Bilgi kaynakları bağlamında postmodernizmin de masaya yatırıldığı seminerde, postmodernizmin başlıca özelliği olarak rölatif yapısına, izafiyet teorisine dikkat çekildi. Bu bağlamda “Rölatif özeliğiyle postmodernizm herkesin hakikati kendisine diyerek tüm hakikat iddialarını görelileştirerek aynı platformda eşitliyor. Hiç kimseyi reddetmeyen, görece herkese kucak açan özelliğiyle de kitleleri cezbediyor. Oysa daha derine inildiğinde postmodernizm aslında eşcinsellik de dahil her türlü ahlaksızlığı normalleştirmekte, bizi hakikat iddiamızdan vazgeçmeye çağırmakta ve dolayısıyla dayatma içermektedir. Neoliberallerin veya postmodernistlerin o çokça vurguladığı çoğulculuk platformunda kabul edilmemiz için bize adeta ‘hakikatini geride bırak da gel!’ denilmektedir.” dedi. Kaya’nın postmodernizm bağlamında çizdiği çerçeveye ayrıca dinleyiciler de interaktif katılımda bulunarak konuya katkı sağladılar.

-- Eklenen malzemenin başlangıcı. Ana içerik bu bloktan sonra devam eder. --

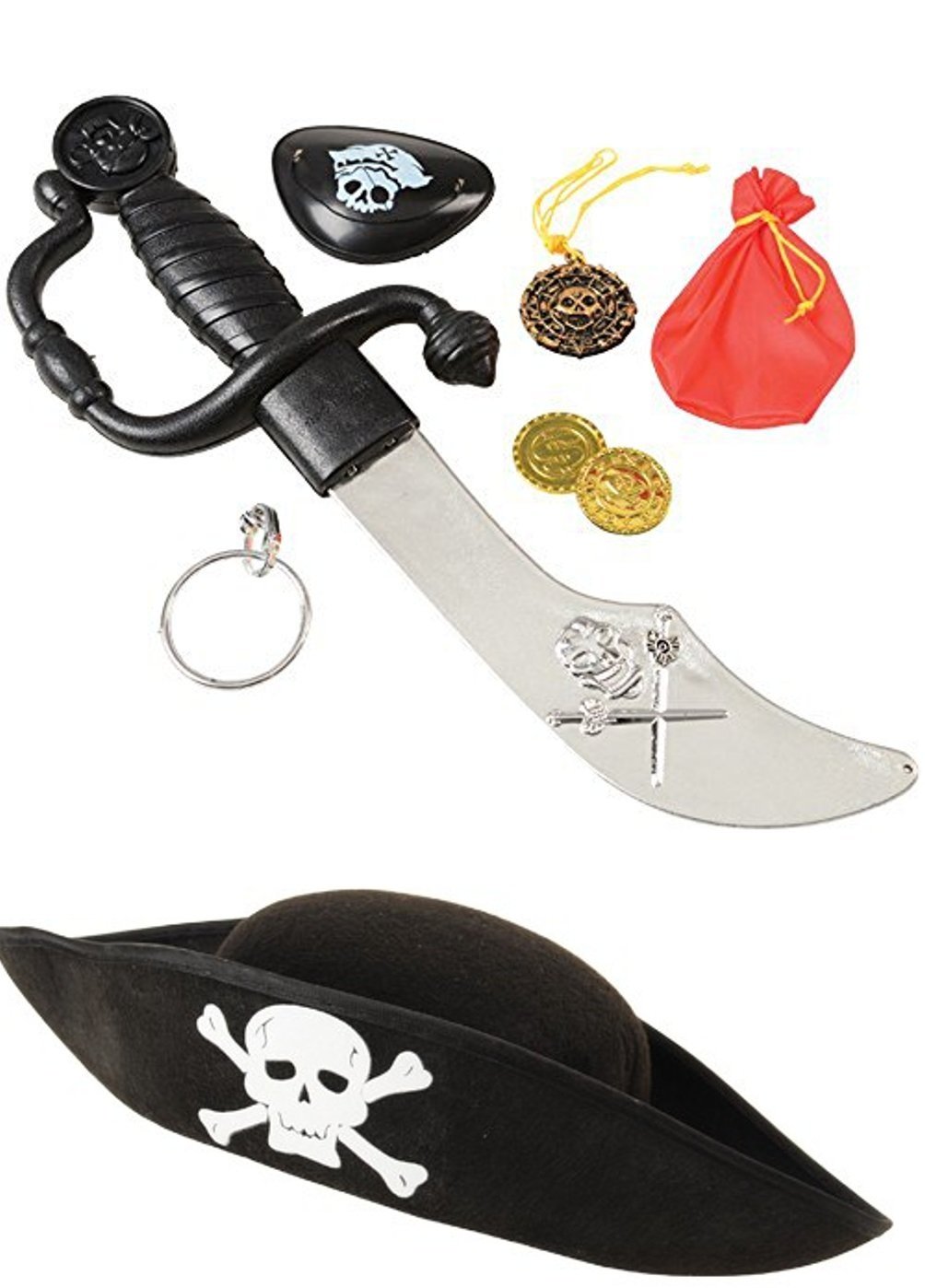 Pirate Costume Accessory Set (8 Pieces) Costume Pirate Hat, Eye Patch - Perfect For Pretend Play, Theme Party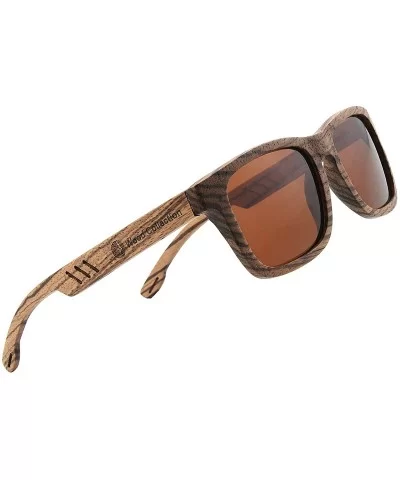 Wood Sunglasses with Polarized lenses for Men&Women Handmade Bamboo Wooden Sunglasses - Brown Zebra - CA18QZODHZR $27.94 Aviator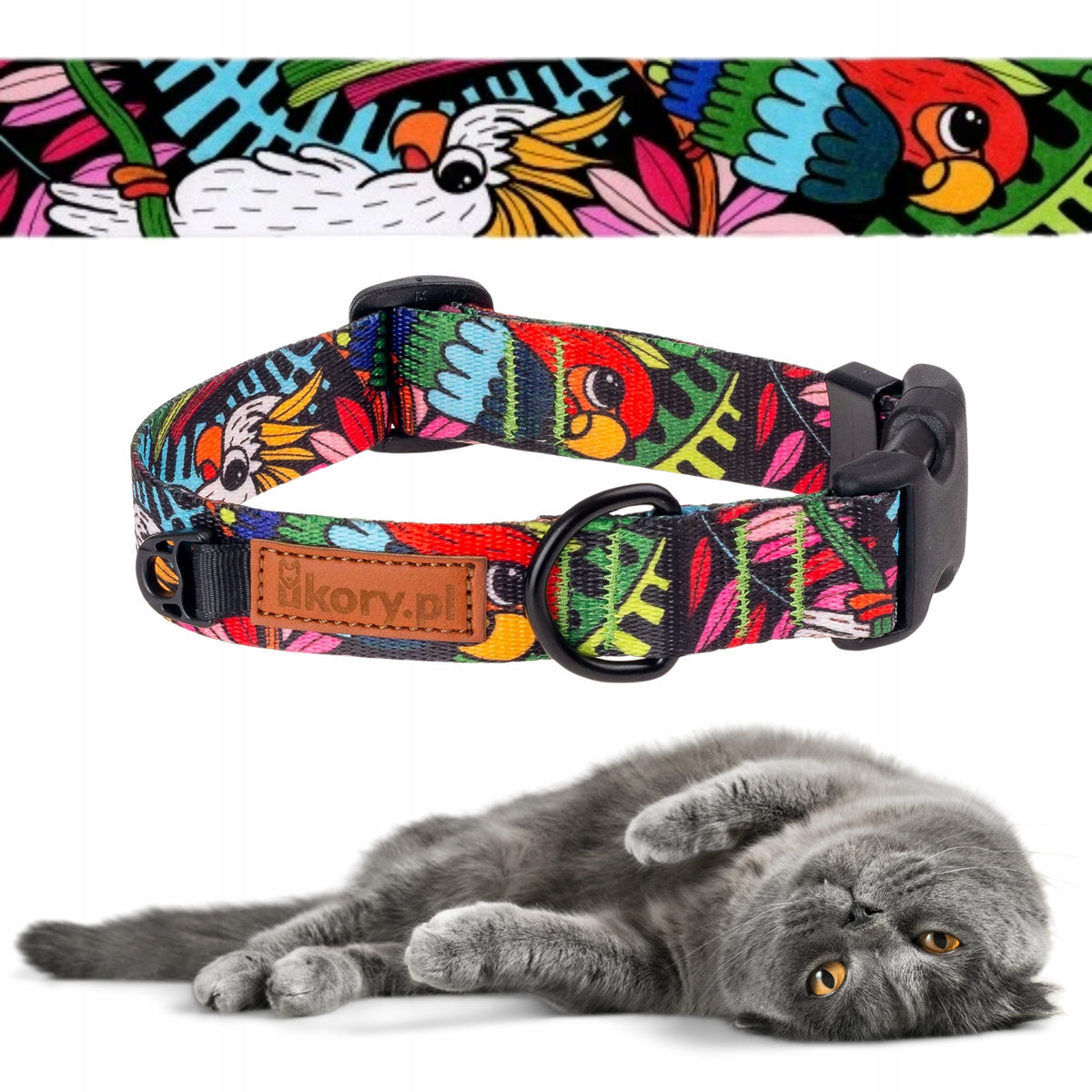 COLORFUL cat tape collar 24-30 cm adjustable Ukory TROPICAL pattern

Bilginin kaynağı olarak Kur’an’ın tek mi, temel kaynak mı olduğu sorusunun önemine dikkat çekilen programda; avam bir yana bırakıldığında havasın vurgu düzeyinde Kur’an’ın önceliğine dikkat çektiğini, bu bağlamda kaynaklara veya öze dönüş vurgularının bilhassa çağdaş ıslah ekollerince dillendirilmesinin çok önemli olduğunu ancak bu vurgunun tek başına sorunu çözmeye yetmediği ifade edildi. Tarihte aynı ilmi düzlemde Kur’an’ı öncelikli bilgi kaynağı olarak teoride kabullenmiş olan geleneğin dirayet ve rivayet ekolü diye iki ayrı düşünsel çizgide seyretmesinin aynısının bugün ‘Kur’an’ diyen kişi-kesimler arasında da tezahürleri olduğunun belirtildiği müzakerelerde usuli planda farklılıkların mahiyetine değinildi. Bu bağlamda Kur’ani bilginin itikadi ve gaybi bilginin tek ölçüsü olması gerektiği belirtilerek diğer alanlarda ise Kur’an’ın tek değil temel, belirleyici ve hakem özellikte bir kaynak olarak anlaşılması gerektiği vurgulandı. “Bilgi kaynakları” derken “Kur’an’ın öncelikli konumu”nu teoriken de olsa kabul eden kesimlerin gaybi-itikadi alanda kendi indi yorumlarını mutlaklaştırarak akaidleştirmesinin kabul edilmez olduğu kaydedildi.
Son olarak gündelik bilgi ihtiyacına tekabül etmesi itibariyle kitle iletişim araçları ve internet kaynaklı bilgilenmenin sıhhatinin de tartışmaya açıldığı programda, bu alanda nasıl bir usul izlenmesi gerektiğine dönük fikrî paylaşımlar yapılarak seminer sona erdi.